Glow Recipe has since ventured into two other business avenues: physical retail and product launches. It opened two pop-ups in 2016, one standalone and one in Saks Fifth Avenue. Its first two proprietary products, a cleanser and a sleeping mask, were released in May in their own store and at Sephora.
“For many Americans, this is an unknown market, and there’s an opportunity to guide the discovery of the skin care,” says Ashwin Deshmukh, insights director at the digital agency Hungry. “People might have misconceptions about the market, and they need that education.”
Navigating the regional nuances
While riding the rising Western interest in Korean beauty practices, Chang and Lee had to figure out how to make Korean skin care attractive to U.S. consumers.
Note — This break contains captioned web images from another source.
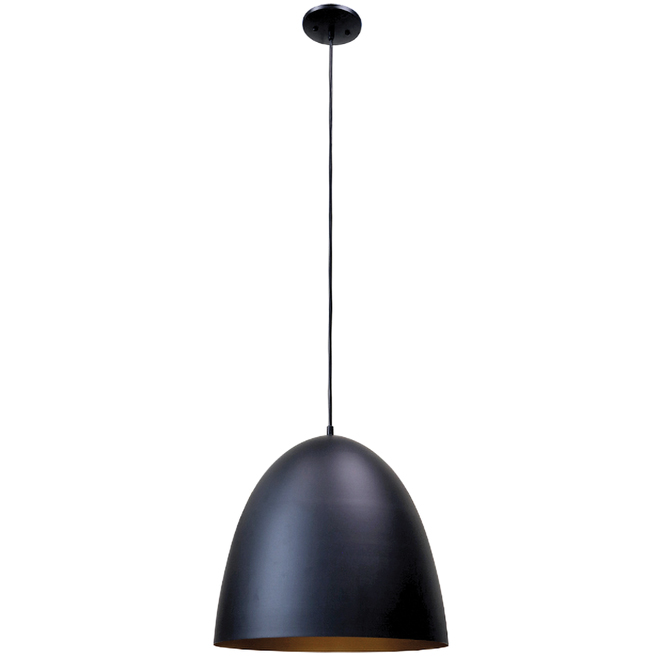 Project Source Black Dome Incandescent Bulb Pendant Light 18-in x 16-in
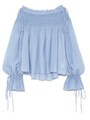 スモッキングコットンブラウス/BLU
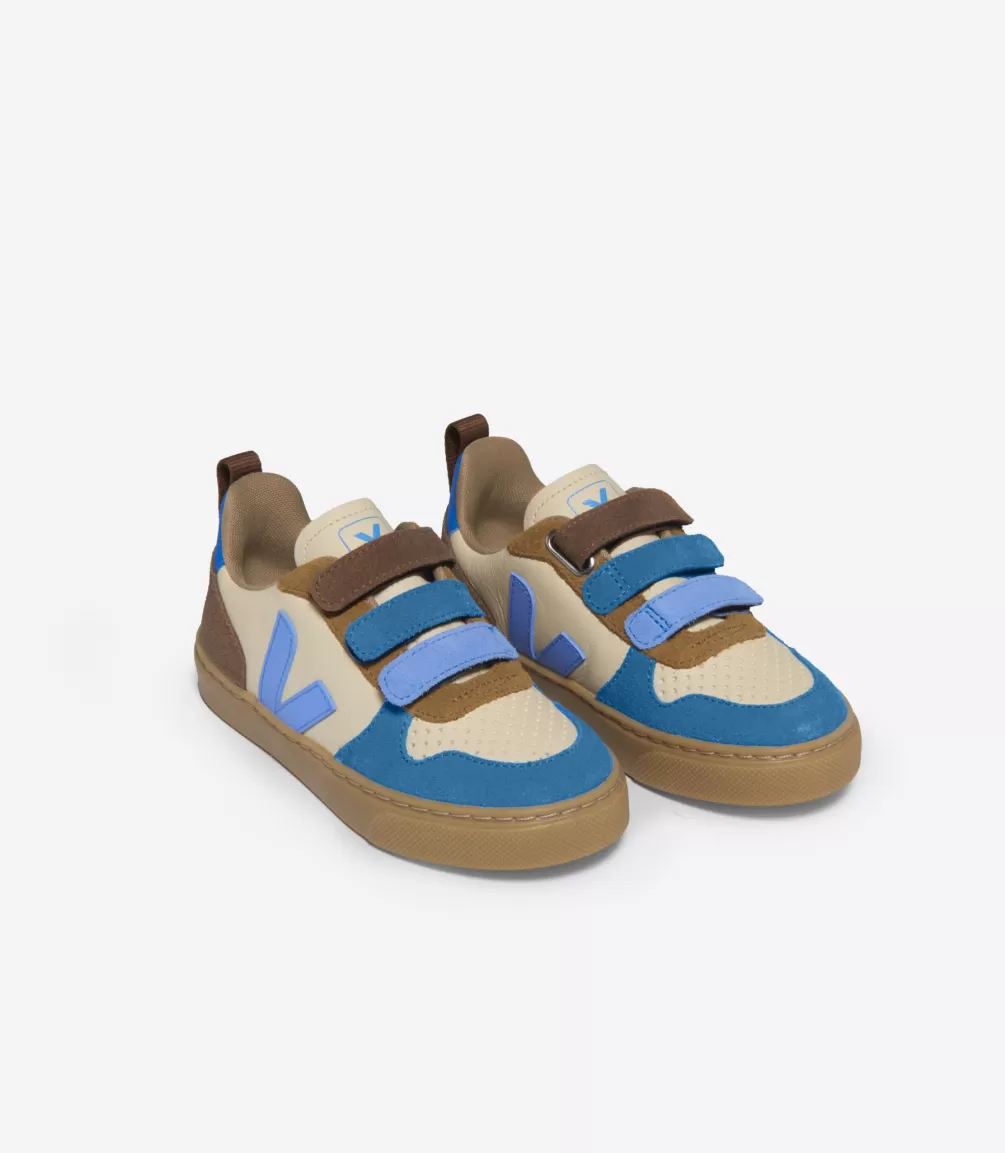 Kids VEJA V-10<V-10 LEATHER CREMA MULTICO AQUA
That meant repackaging and renaming products, and translating descriptions to fit into Western expectations. They also had to teach American customers about benefits and uses.
In the U.S., skin care is approached as reparative, while in Korea, it’s preventative. American products are made to emphasize one benefit each — anti-aging, exfoliating — for a certain skin type, like oily or combination.
“Koreans grow up with this cultural belief that if your skin is beautiful, you’re beautiful,” says Lee. “You need to have perfect skin to have perfect makeup. In the U.S., we don’t talk about this enough. The primary concern [with a skin-care product] is its benefits and if it’s worth your money.”
American brands have started to catch on to the skin care-first mindset. Glossier, which sells both skin care and beauty products, uses the catchphrase “skin care first, makeup second,” and other brands, like Tarte and Benefit, have built up their skin-care product arsenals.
“I want people to forget K-beauty as a category”
Over the past several years, mass-market brands like L’Oréal and Bioré have begun adapting Korean techniques and creating their own versions of products like pressed serums, cushion compacts and sheet masks.
Chang and Lee see this is as a sign that the Korean beauty market is gaining global traction, and proof that there’s a path for a selection of Korean skin-care products and brands to eventually work their way into the average American skin-care routine. That’s their goal.
“It’s not so much about K-beauty as it is about product innovation. Nobody calls Lancôme a French beauty product,” says Lee. “Ultimately I want people to forget K-beauty as a category. For us, and anyone else in this space, the key is to make sure we’re educating people in the right way, and making it easy and accessible.”